How to complete this task:
Write out each entry below exactly. Do not include the images.

*** Opening The data ***

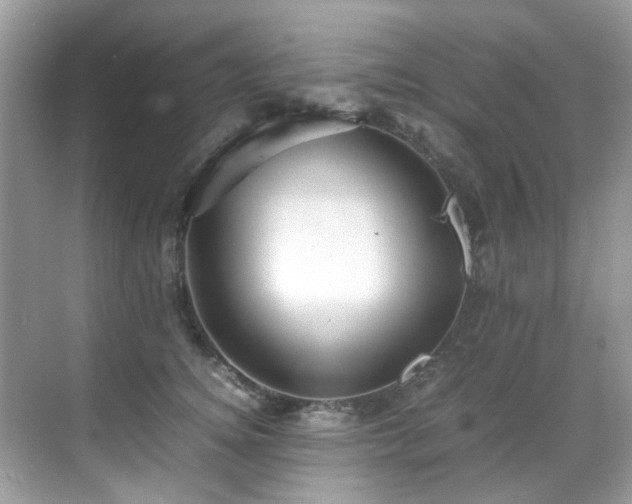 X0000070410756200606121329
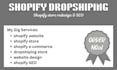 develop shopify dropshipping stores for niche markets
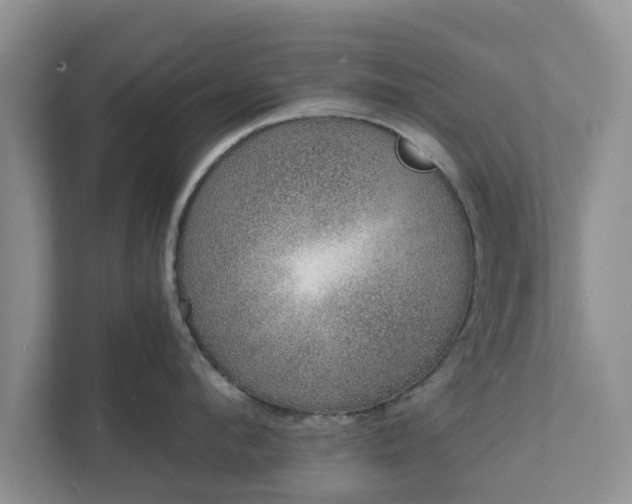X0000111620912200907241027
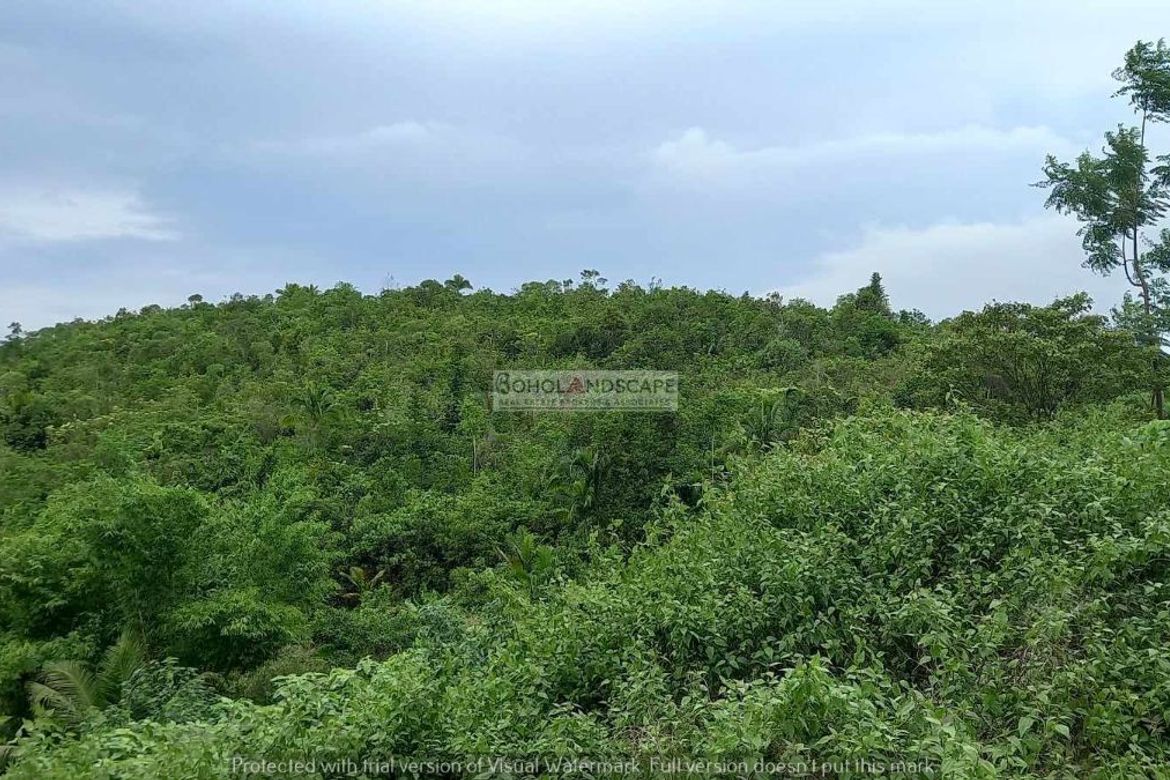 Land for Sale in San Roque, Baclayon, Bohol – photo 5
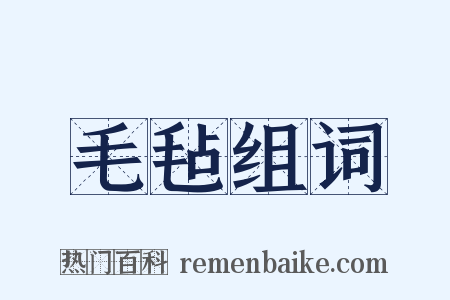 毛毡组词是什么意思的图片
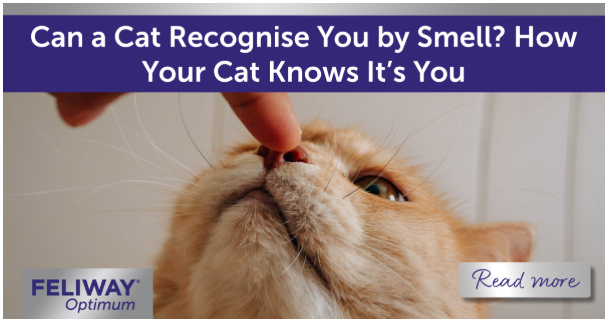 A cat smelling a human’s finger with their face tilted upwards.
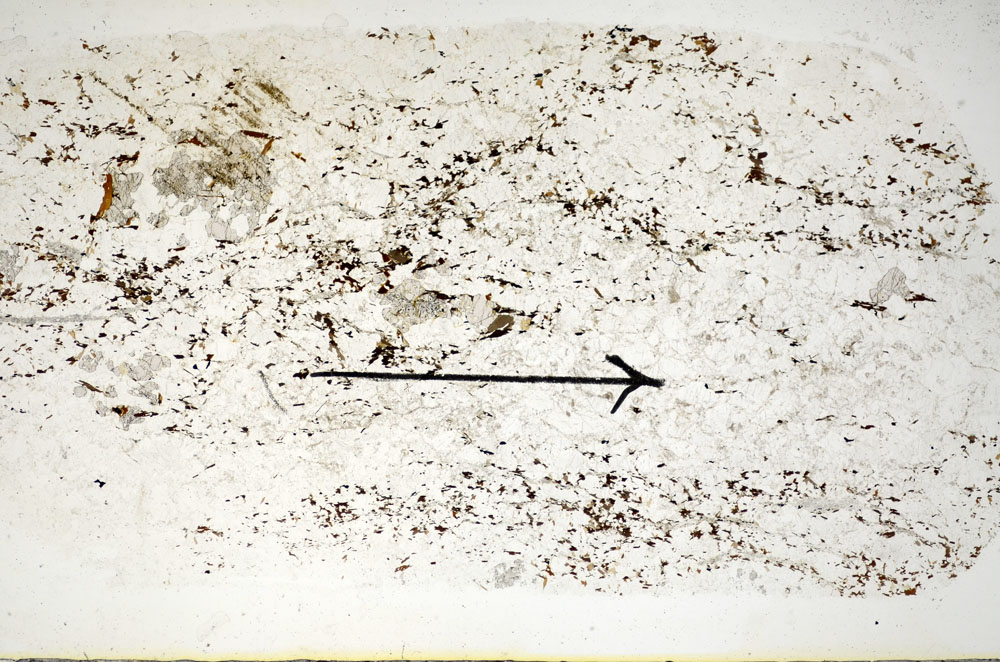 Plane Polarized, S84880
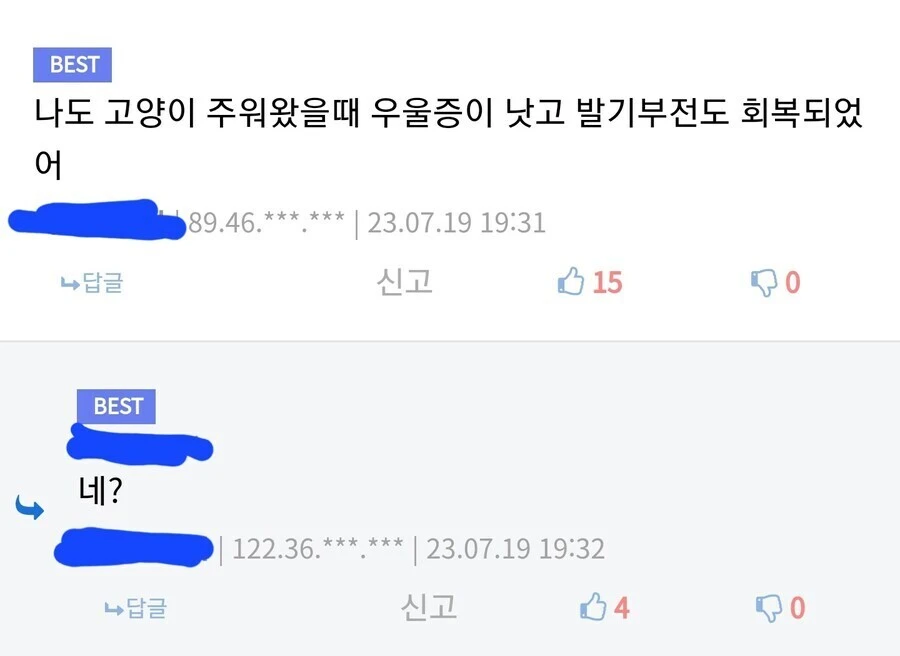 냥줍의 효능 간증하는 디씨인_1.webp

*** Closing The data ***

Reply to the task:
 X0000070410756200606121329
 develop shopify dropshipping stores for niche markets
X0000111620912200907241027
 Land for Sale in San Roque, Baclayon, Bohol – photo 5
 毛毡组词是什么意思的图片
 A cat smelling a human’s finger with their face tilted upwards.
 Plane Polarized, S84880
 냥줍의 효능 간증하는 디씨인_1.webp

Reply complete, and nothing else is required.